• Stored items from a collection:
'''

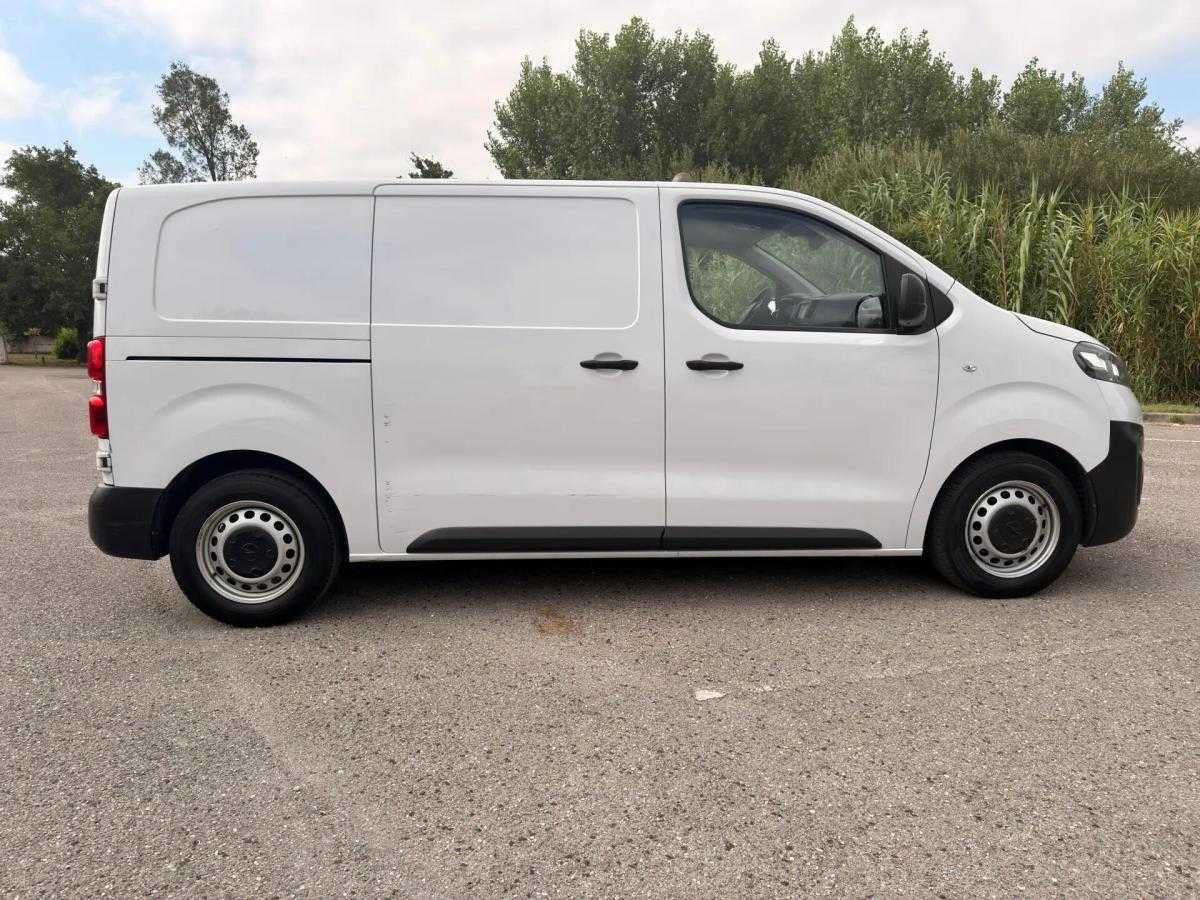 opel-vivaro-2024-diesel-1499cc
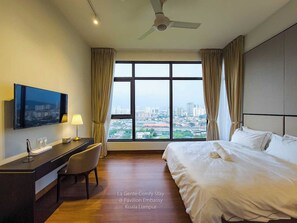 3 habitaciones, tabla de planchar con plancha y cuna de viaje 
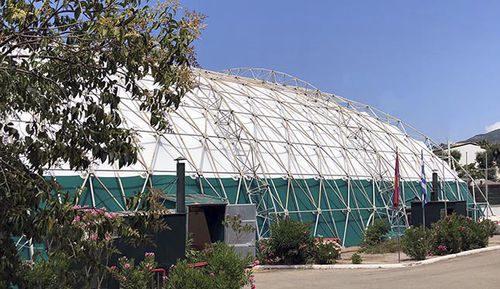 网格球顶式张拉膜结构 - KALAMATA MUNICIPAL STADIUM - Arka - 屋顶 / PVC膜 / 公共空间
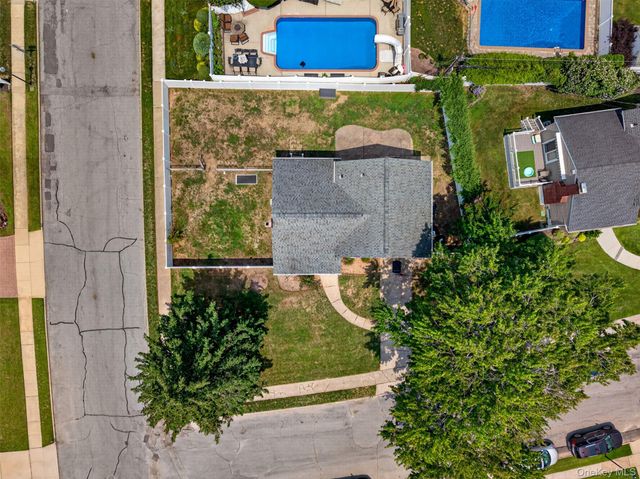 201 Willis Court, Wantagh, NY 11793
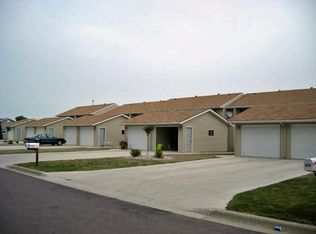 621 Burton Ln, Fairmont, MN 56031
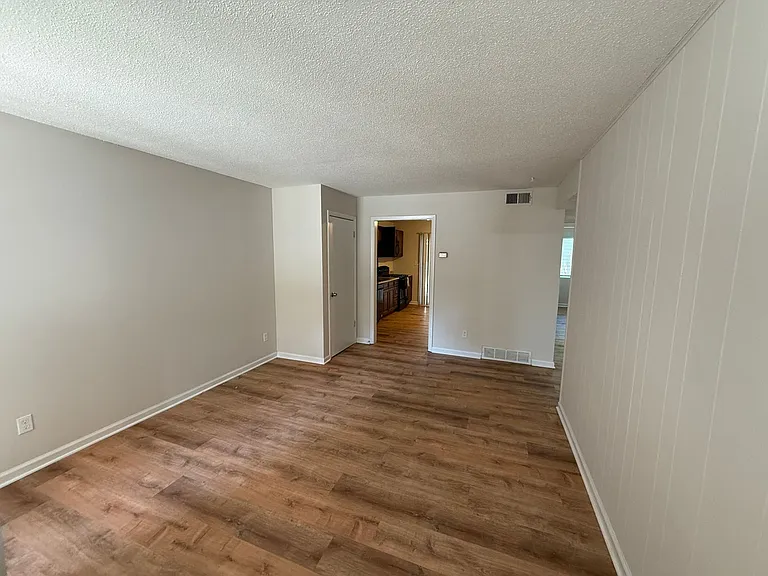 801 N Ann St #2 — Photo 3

'''

• WHAT TO WORK ON:
Exact copy required, pictures excluded: the lines from the one holding "201 Willis Court, Wantagh, NY 11793" through the last line of the data, both ends included.

• REPLY TO THE TASK:
 201 Willis Court, Wantagh, NY 11793
 621 Burton Ln, Fairmont, MN 56031
 801 N Ann St #2 — Photo 3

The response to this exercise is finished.